We considered how the methods in this study could be changed to improve agreement. The discrepancies between coders may in part be explained by insufficient training in the method. Also the fact that the two categories most commonly interchanged were adjacent to each other on the computer's drop down list may be relevant, but the differences do seem more to represent a difference in interpretation of the root cause of death. Furthermore, in some instances, the number of cases in the groups was so similar that their relative positions in a frequency table should really be treated as equal. The differences may become less significant when more cases or more coders are involved. In the future, uniformity in approach might also be increased by formal training in the use of the system or using coders from similar health service backgrounds, especially because nosologists have been reported to achieve higher levels of agreement in an arguably less diverse population.15
This hierarchical method of classifying causes of child death eliminates the problem of generating a large miscellaneous group. The reproducibility of results compares well with that of other coding systems upon their target groups. Agreement within diagnostic categories might be improved by greater training of assessors in the use of the technique.

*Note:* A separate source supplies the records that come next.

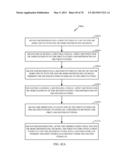 METHODS AND APPARATUS FOR UNSUPERVISED NEURAL REPLAY, LEARNING REFINEMENT,     ASSOCIATION AND MEMORY TRANSFER: NEURAL ASSOCIATIVE LEARNING, PATTERN     COMPLETION, SEPARATION, GENERALIZATION AND HIERARCHICAL REPLAY diagram and image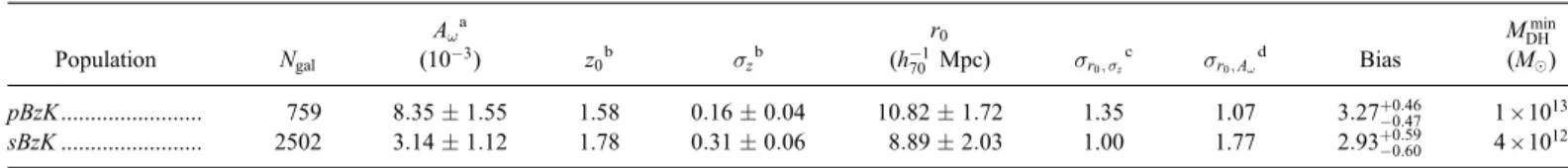 Fig. 12.—Measured angular correlation functions of sBzK (triangles) and pBzK (circles) galaxies in the MUSYC Wide NIR Survey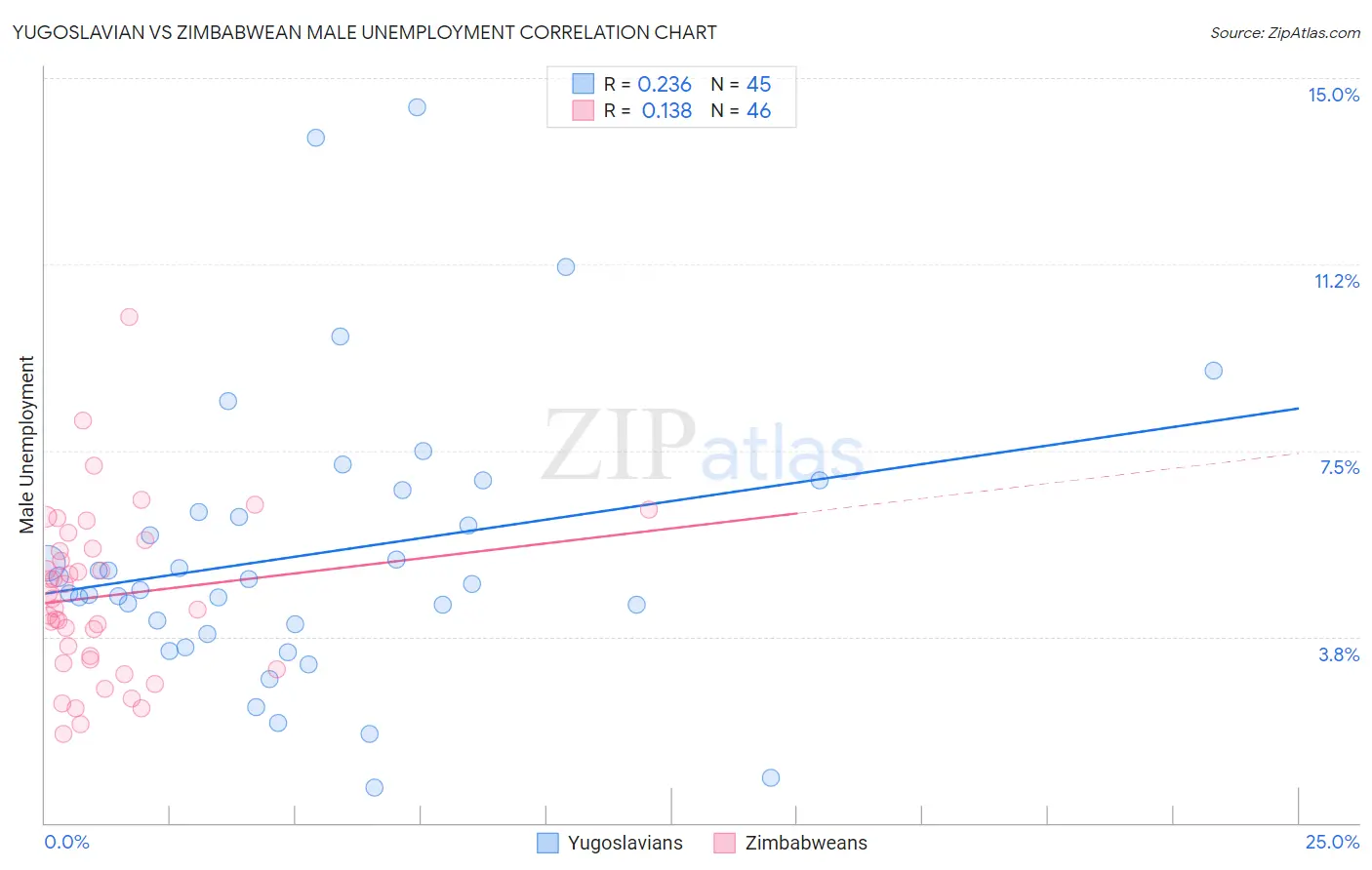 Yugoslavian vs Zimbabwean Male Unemployment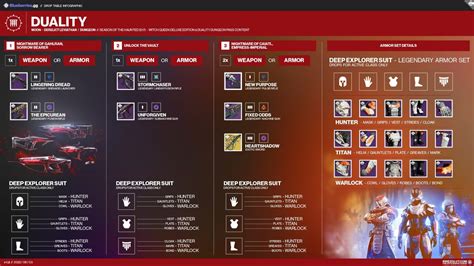 fixed odds destiny 2|destiny 2 duality loot table.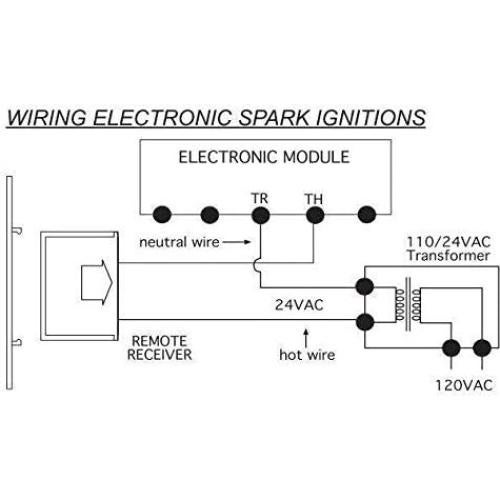 Control Remoto Chimenea SkyTech SKY-1420T LCD 110V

Marjorie Renwick and John Stickley classified the deaths (twice), as did the first author. Amy Sullivan (data analyst at the Centre for Maternal and Child Enquiries) checked the calculations.
Funding Funding for the national confidential enquiry on which this article is based was provided by the National Patient Safety Agency and by the Department of Health, Social Services and Public Safety of Northern Ireland. The views of the authors are their own and do not necessarily represent those of the funding bodies.
Competing interests None.
Ethics approval This study was conducted with the approval of the NW Multicentre Ethics Committee 05/mre08/51.
Provenance and peer review Not commissioned; externally peer reviewed.